### What the task requires
An exact restatement of all the data is required, with the pictures left out.

_____

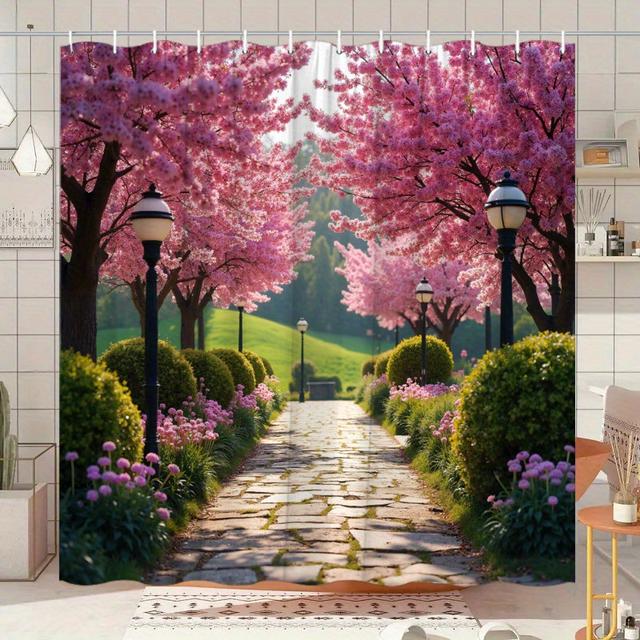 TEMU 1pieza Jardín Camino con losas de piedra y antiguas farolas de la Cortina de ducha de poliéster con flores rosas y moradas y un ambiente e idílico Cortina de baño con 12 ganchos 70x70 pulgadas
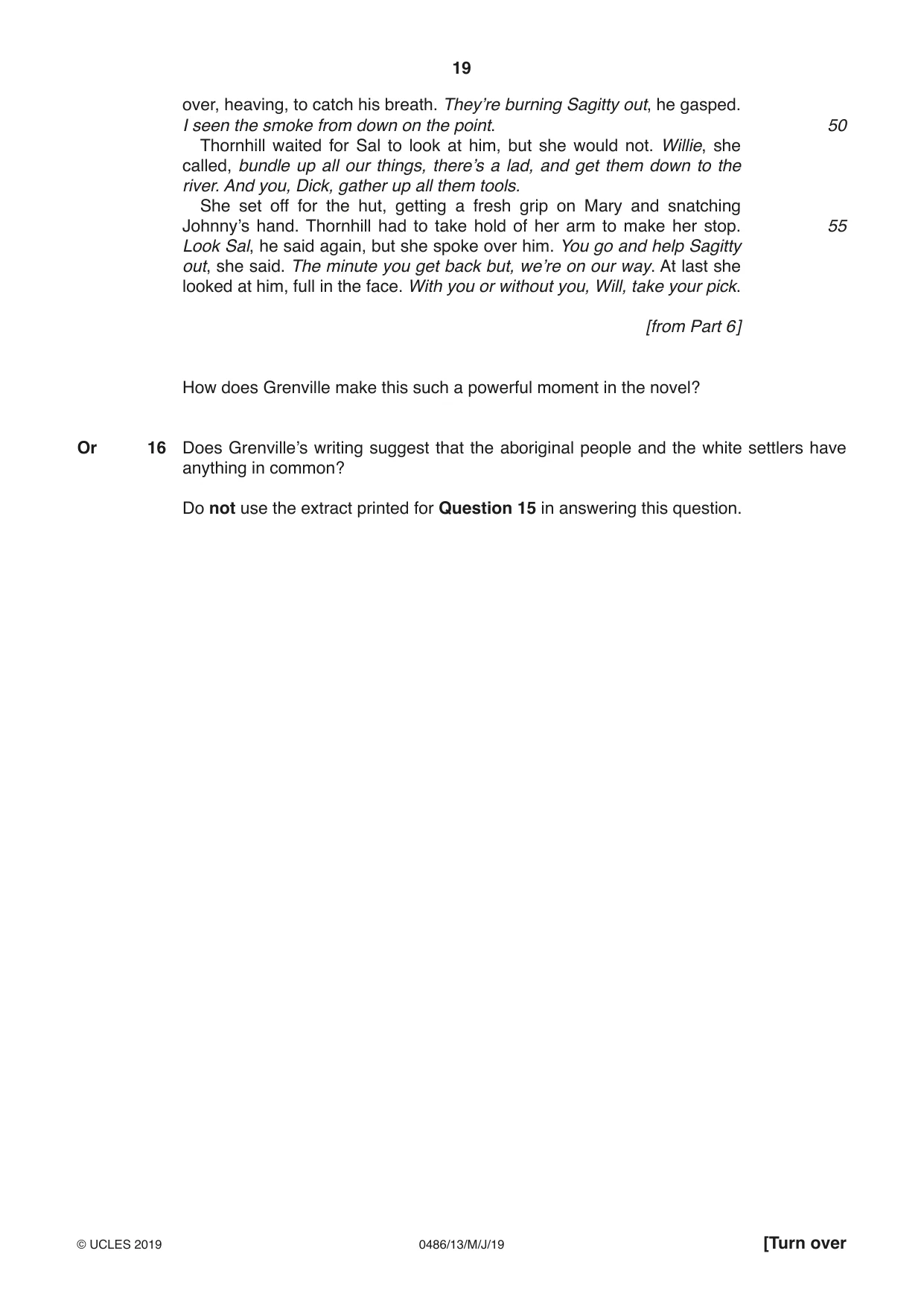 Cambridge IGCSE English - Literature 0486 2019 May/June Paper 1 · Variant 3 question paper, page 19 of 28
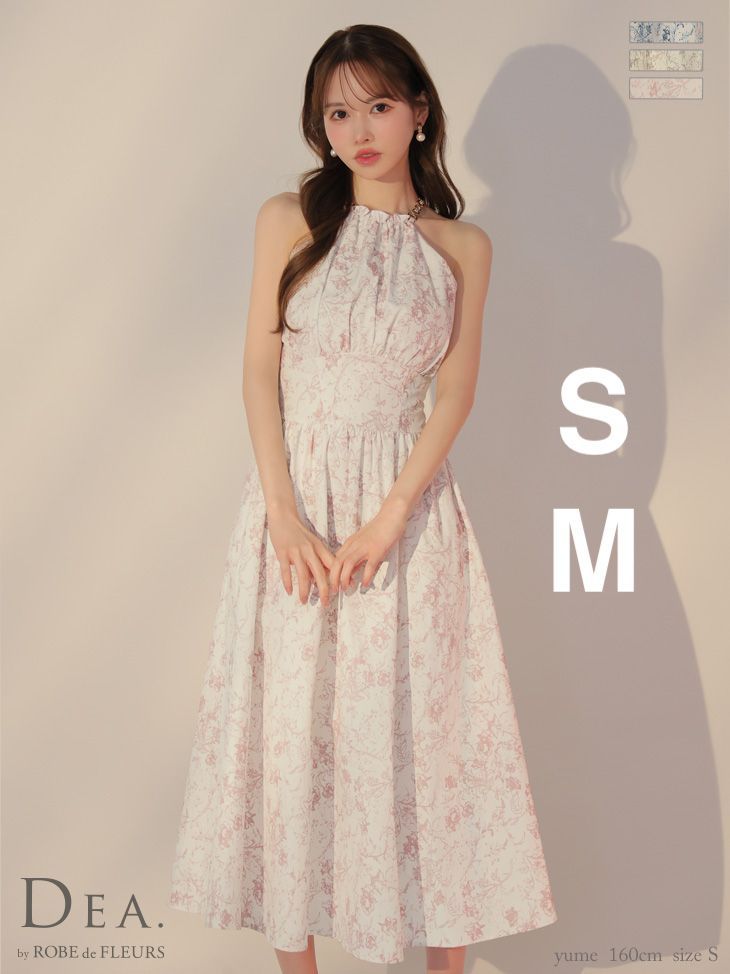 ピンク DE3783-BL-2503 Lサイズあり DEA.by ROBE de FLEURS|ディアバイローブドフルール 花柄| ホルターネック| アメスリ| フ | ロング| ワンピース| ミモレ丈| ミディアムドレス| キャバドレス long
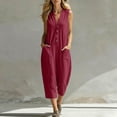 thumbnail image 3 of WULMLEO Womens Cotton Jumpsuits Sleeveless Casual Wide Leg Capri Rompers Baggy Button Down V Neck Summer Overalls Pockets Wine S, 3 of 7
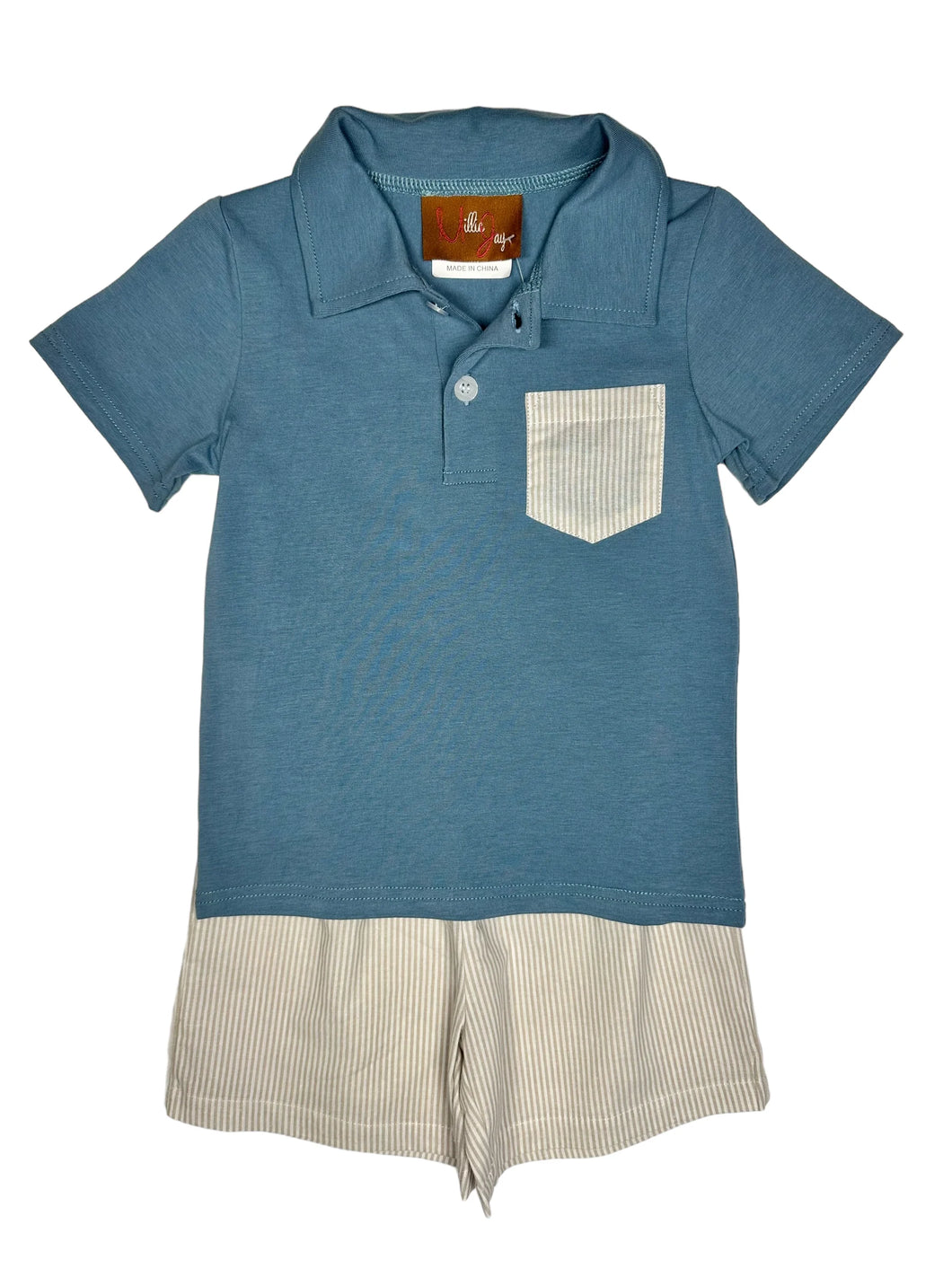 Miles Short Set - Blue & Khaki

_____

### Solution to this task
 TEMU 1pieza Jardín Camino con losas de piedra y antiguas farolas de la Cortina de ducha de poliéster con flores rosas y moradas y un ambiente e idílico Cortina de baño con 12 ganchos 70x70 pulgadas
 Cambridge IGCSE English - Literature 0486 2019 May/June Paper 1 · Variant 3 question paper, page 19 of 28
 ピンク DE3783-BL-2503 Lサイズあり DEA.by ROBE de FLEURS|ディアバイローブドフルール 花柄| ホルターネック| アメスリ| フ | ロング| ワンピース| ミモレ丈| ミディアムドレス| キャバドレス long
 thumbnail image 3 of WULMLEO Womens Cotton Jumpsuits Sleeveless Casual Wide Leg Capri Rompers Baggy Button Down V Neck Summer Overalls Pockets Wine S, 3 of 7
 Miles Short Set - Blue & Khaki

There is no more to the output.